> [Work to be completed]:
Below are the records; give again exactly the lines from the one containing "SGM GENIO PixelBar 80300522 - 4" through the one containing "Actual product image", leaving out pictures.

> [Data shown]:
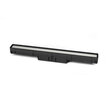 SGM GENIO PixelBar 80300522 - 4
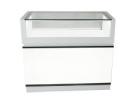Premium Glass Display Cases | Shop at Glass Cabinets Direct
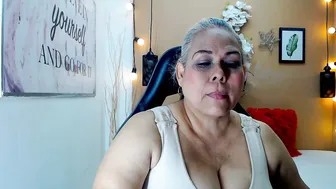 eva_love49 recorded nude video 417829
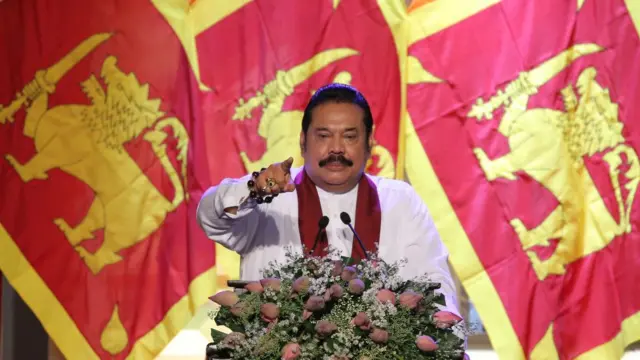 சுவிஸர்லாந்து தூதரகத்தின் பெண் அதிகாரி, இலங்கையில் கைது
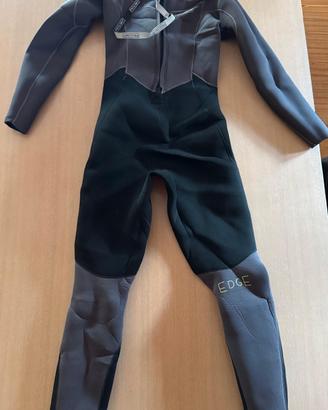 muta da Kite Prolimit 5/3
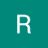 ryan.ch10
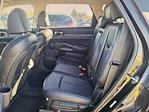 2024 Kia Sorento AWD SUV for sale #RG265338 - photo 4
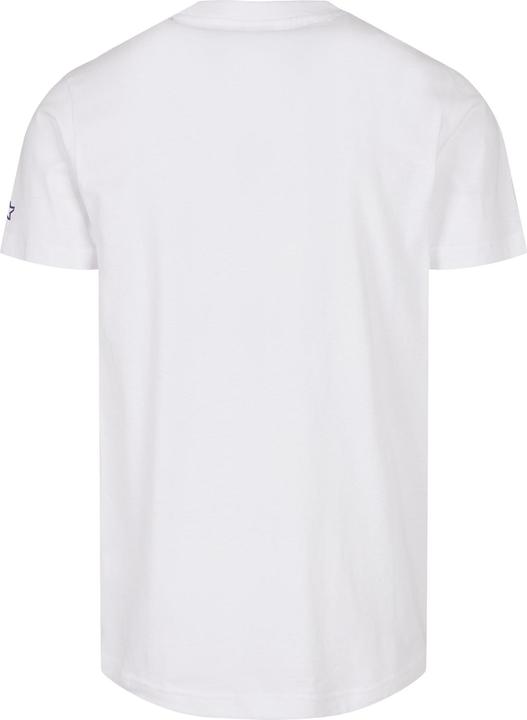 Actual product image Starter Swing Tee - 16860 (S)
---
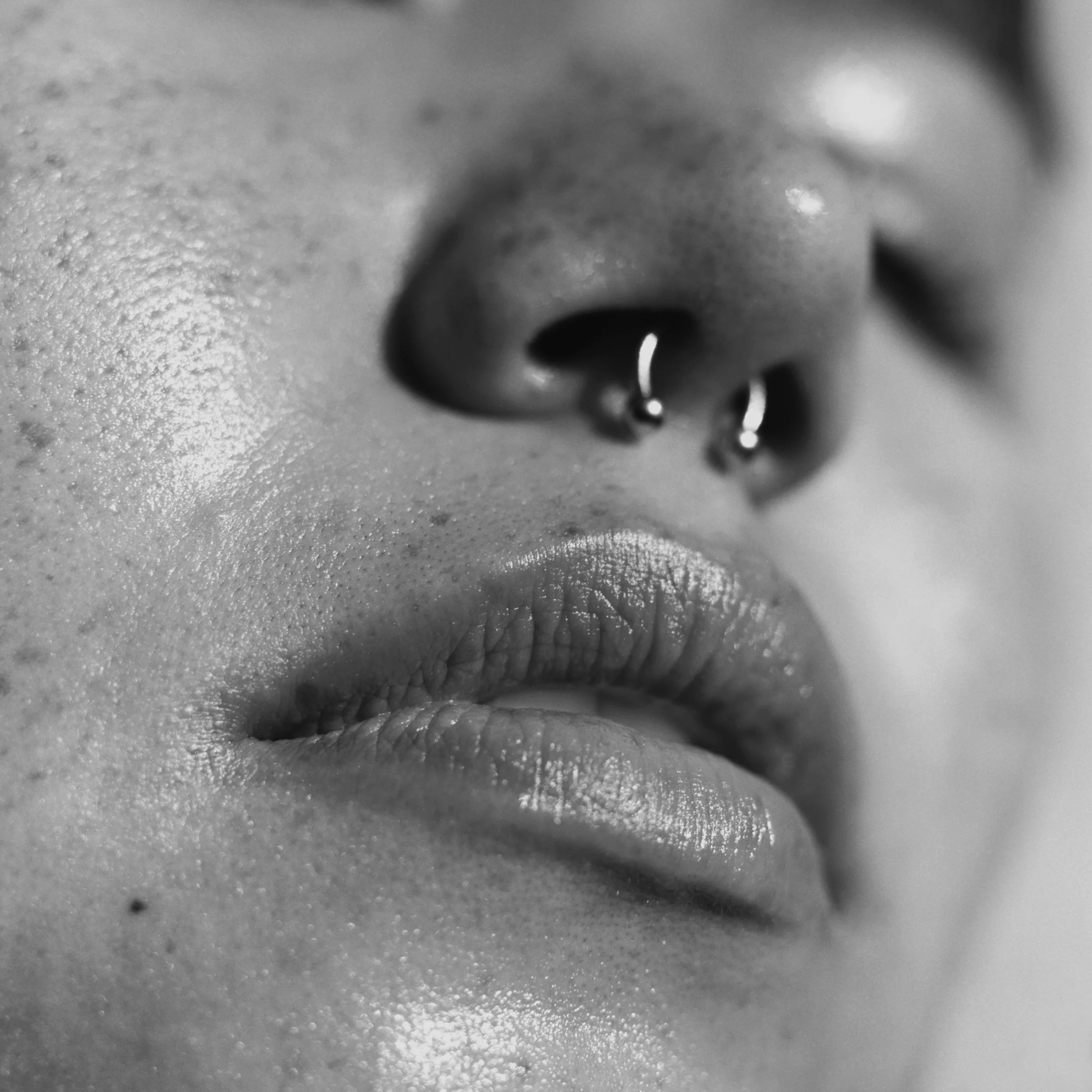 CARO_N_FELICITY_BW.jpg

> [Answer area]:
 SGM GENIO PixelBar 80300522 - 4
Premium Glass Display Cases | Shop at Glass Cabinets Direct
 eva_love49 recorded nude video 417829
 சுவிஸர்லாந்து தூதரகத்தின் பெண் அதிகாரி, இலங்கையில் கைது
 muta da Kite Prolimit 5/3
 ryan.ch10
 2024 Kia Sorento AWD SUV for sale #RG265338 - photo 4
 Actual product image Starter Swing Tee - 16860 (S)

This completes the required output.